What is needed =>
For this exercise, return only the lines in the records below from the one holding "Motorcycle Racerback Dress - Small" through the one holding "2011-2021 Jeep Grand Cherokee WK2 (4th gen)", including both, exactly as they appear and without pictures.
START Data for processing
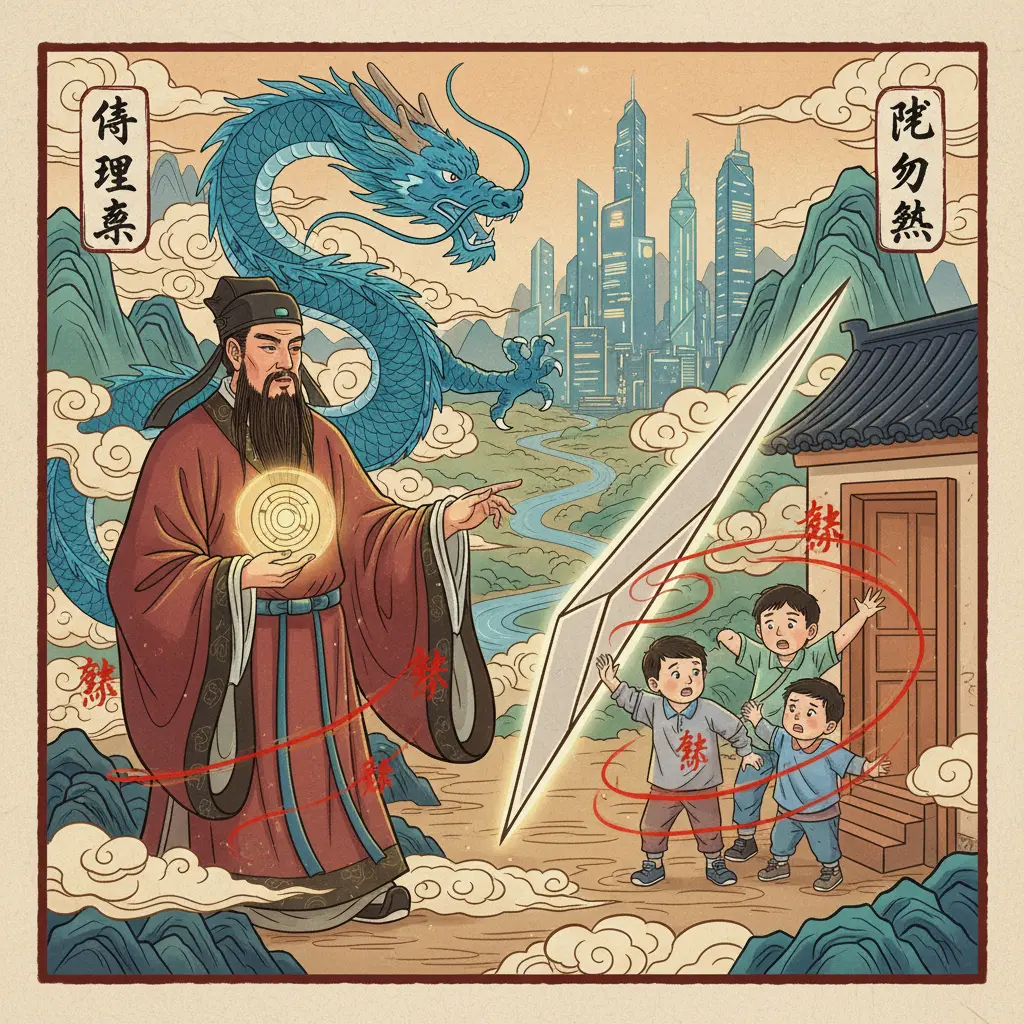 壁刀煞 - 命理專家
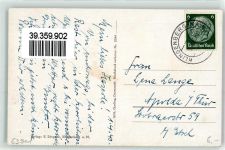 63911 W8763 Klingenberg a. Main - Gedicht Wein Brücke Fabrik Kirche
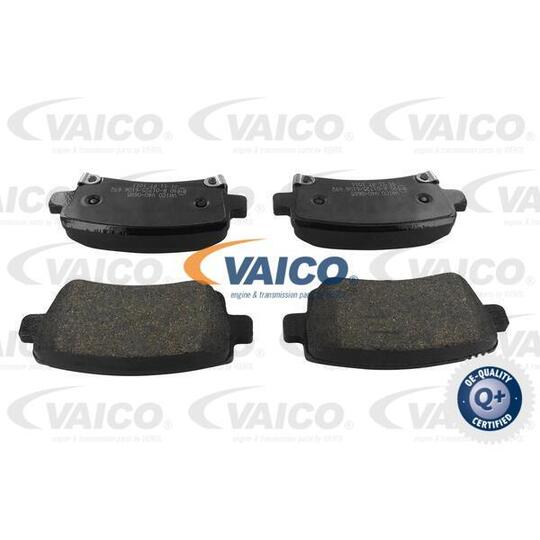 Vaico Brake Pad Set, disc brake to suit Chevrolet, Opel, Vauxhall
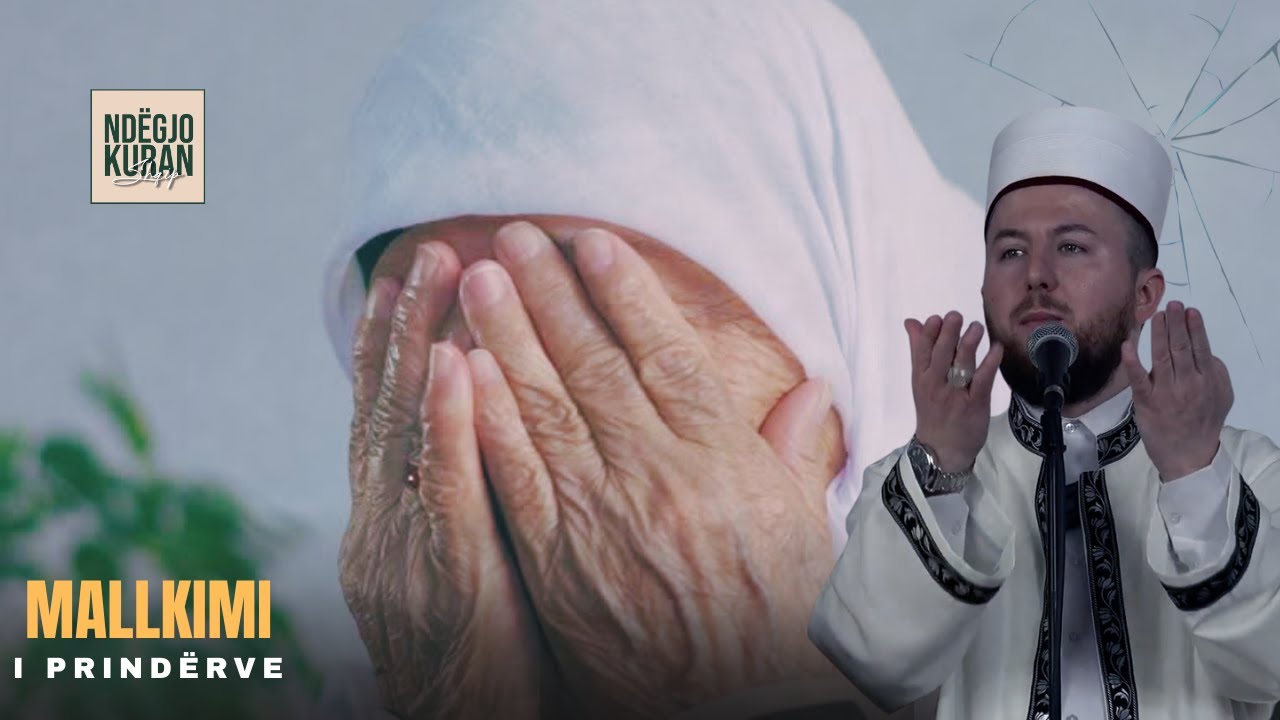 Allahu e mallkoftë atë që i mallkon prindërit e vet | Hoxhë Qëndrim Jashari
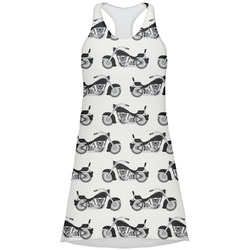 Motorcycle Racerback Dress - Small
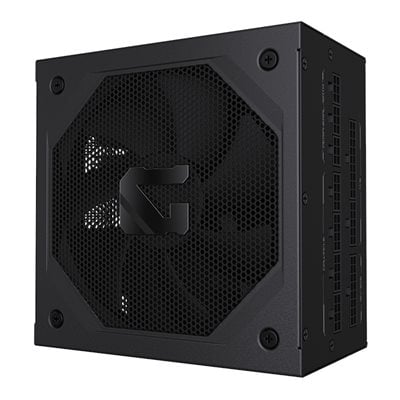 Gigabyte 850W Gaming 850GM PG5, ATX-virtalähde, PCIe 5.1, 80 Plus Gold, musta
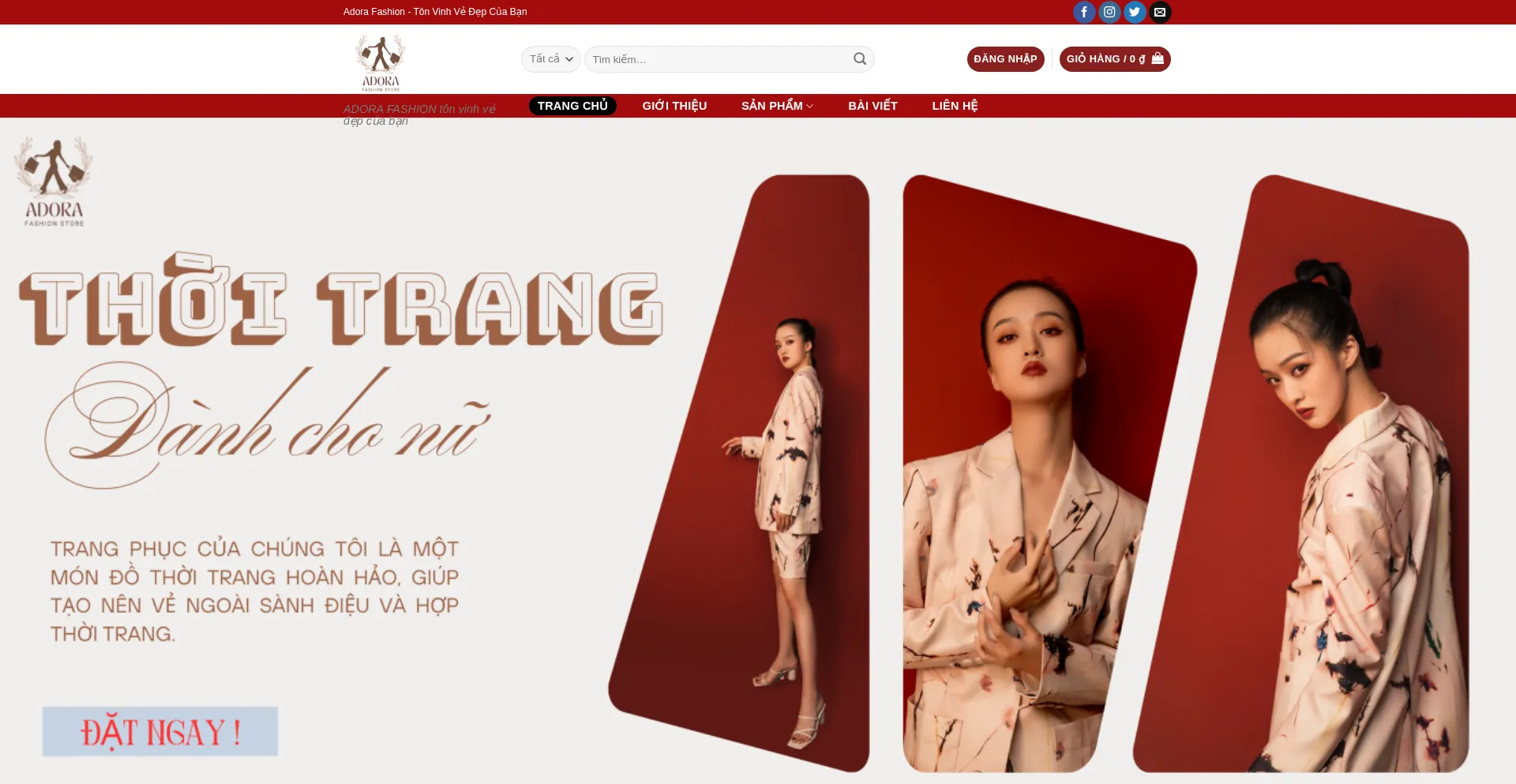 Adorafashion.store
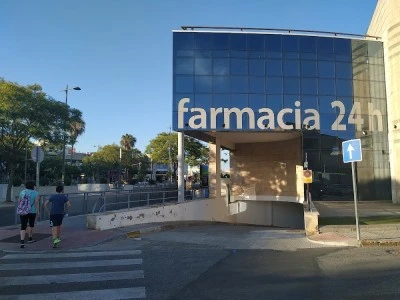 Sanafarmacia Ciudad Expo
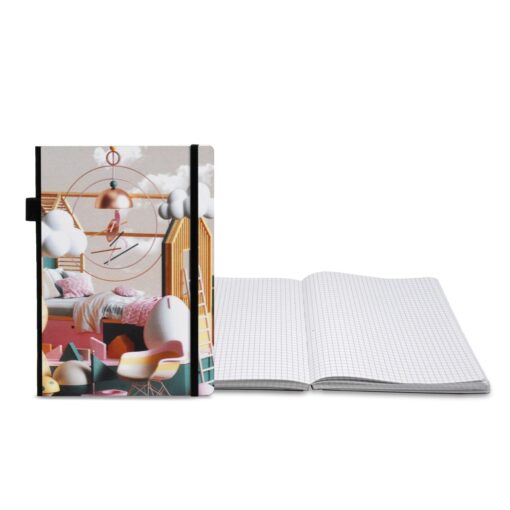 6" x 8.5" Contempo Full Color Book Bound Journal-2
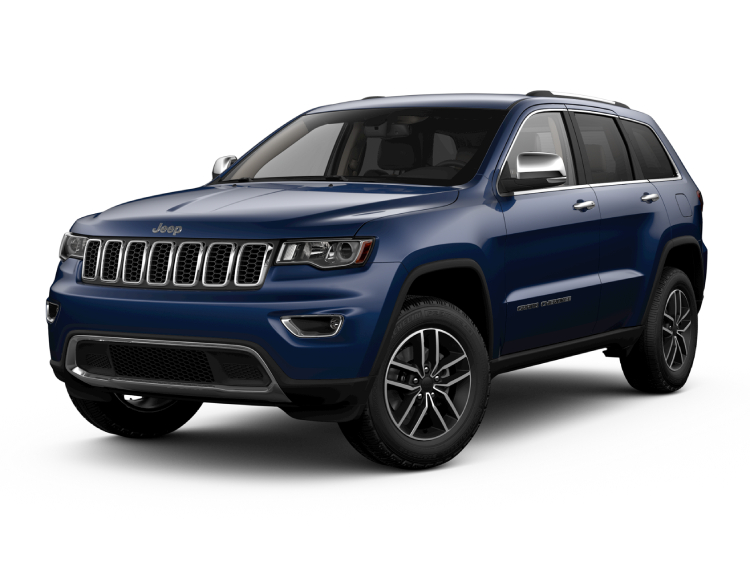 2011-2021 Jeep Grand Cherokee WK2 (4th gen)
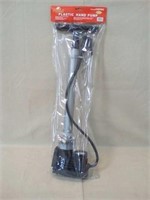 Pit Bull plastic hand pump for tires and toys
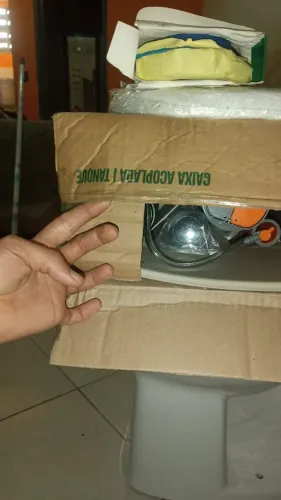 Vaso completo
END Data for processing
Response to the task =>
 Motorcycle Racerback Dress - Small
 Gigabyte 850W Gaming 850GM PG5, ATX-virtalähde, PCIe 5.1, 80 Plus Gold, musta
 Adorafashion.store
 Sanafarmacia Ciudad Expo
 6" x 8.5" Contempo Full Color Book Bound Journal-2
 2011-2021 Jeep Grand Cherokee WK2 (4th gen)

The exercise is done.